Description of the task — Transcribe the entries below exactly, starting with the line that has "Kolczyki srebrne lapis lazuli K333" and stopping after the line that has "Soda Can Lid"; no pictures belong in the copy.

Records shown —
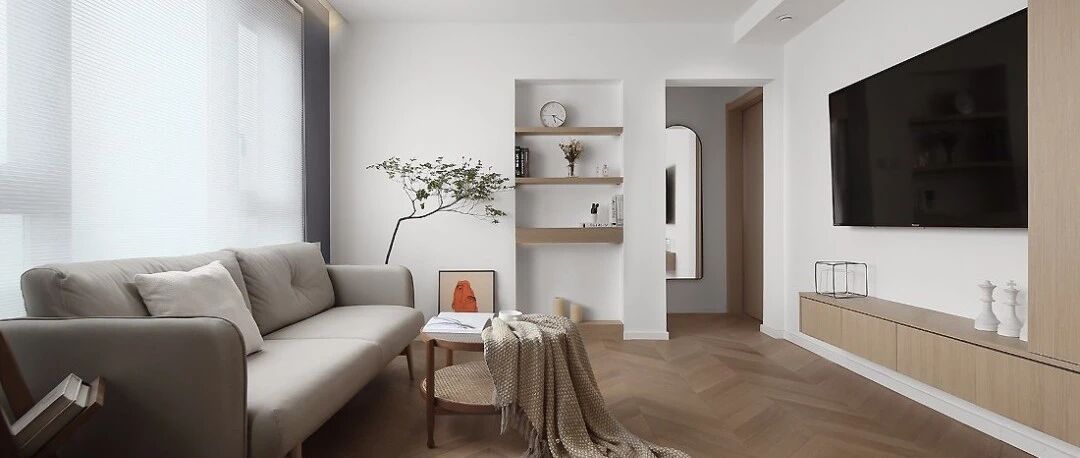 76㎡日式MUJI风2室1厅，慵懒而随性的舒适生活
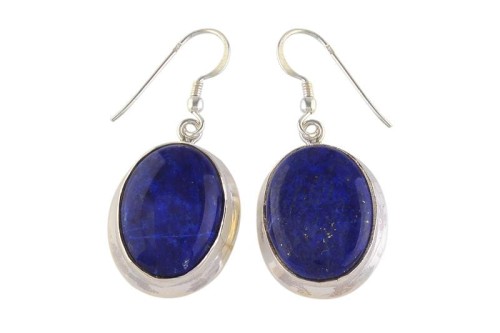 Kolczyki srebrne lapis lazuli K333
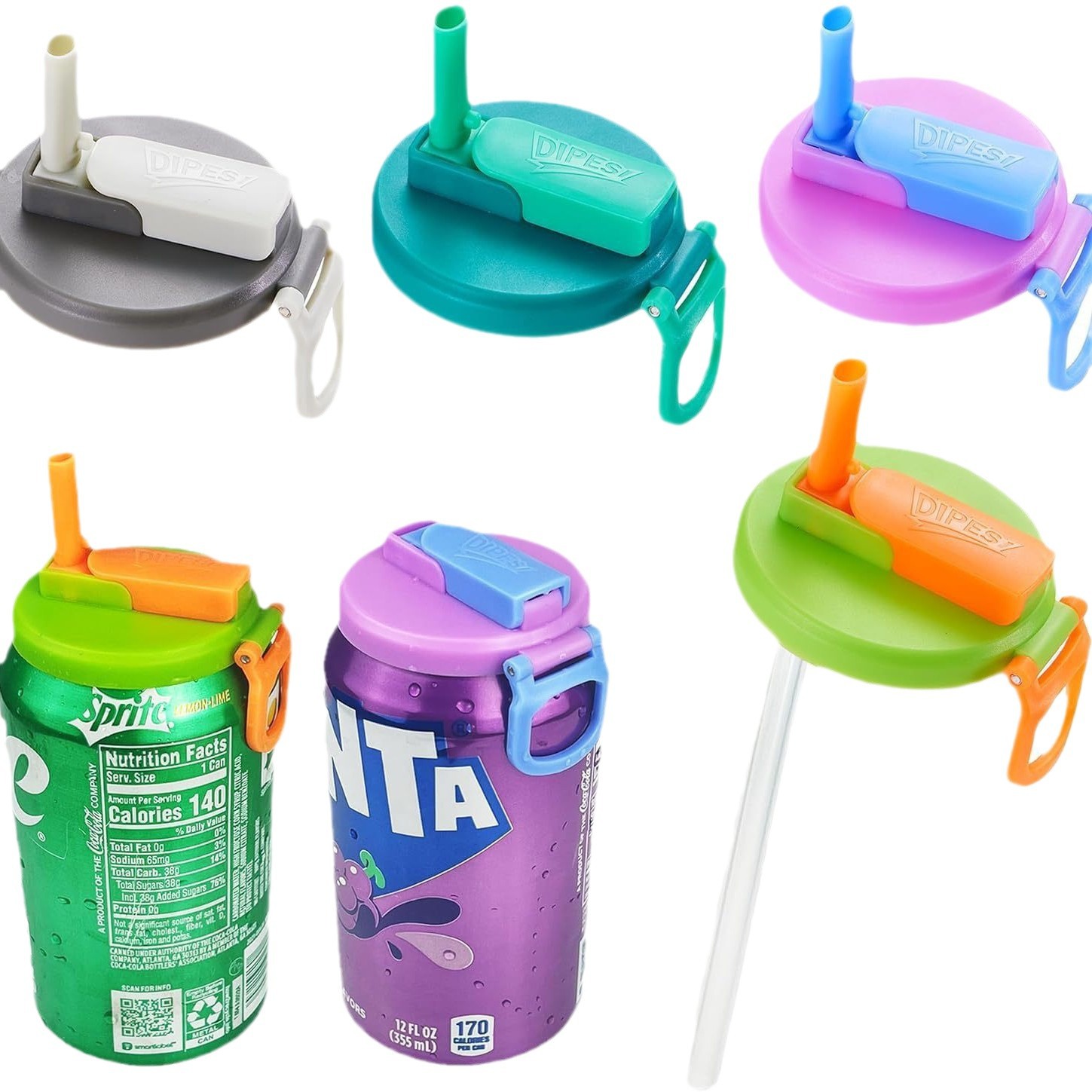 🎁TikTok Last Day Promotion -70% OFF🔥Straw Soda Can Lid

--

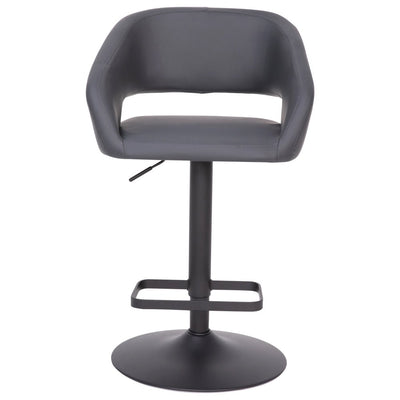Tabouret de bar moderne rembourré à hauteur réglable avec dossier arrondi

==

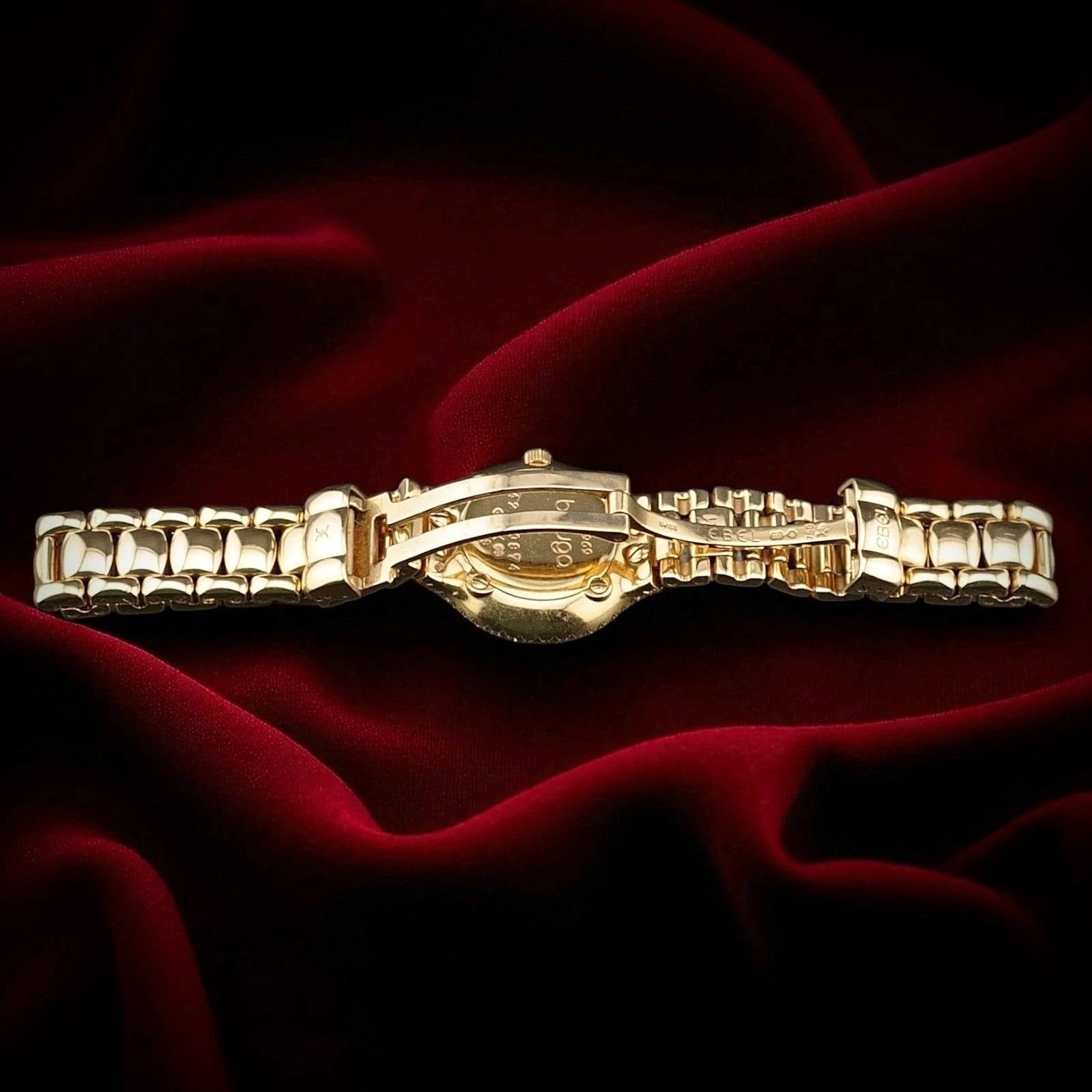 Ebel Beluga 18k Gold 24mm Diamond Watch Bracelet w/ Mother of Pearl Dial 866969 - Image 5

Your solution —
 Kolczyki srebrne lapis lazuli K333
 🎁TikTok Last Day Promotion -70% OFF🔥Straw Soda Can Lid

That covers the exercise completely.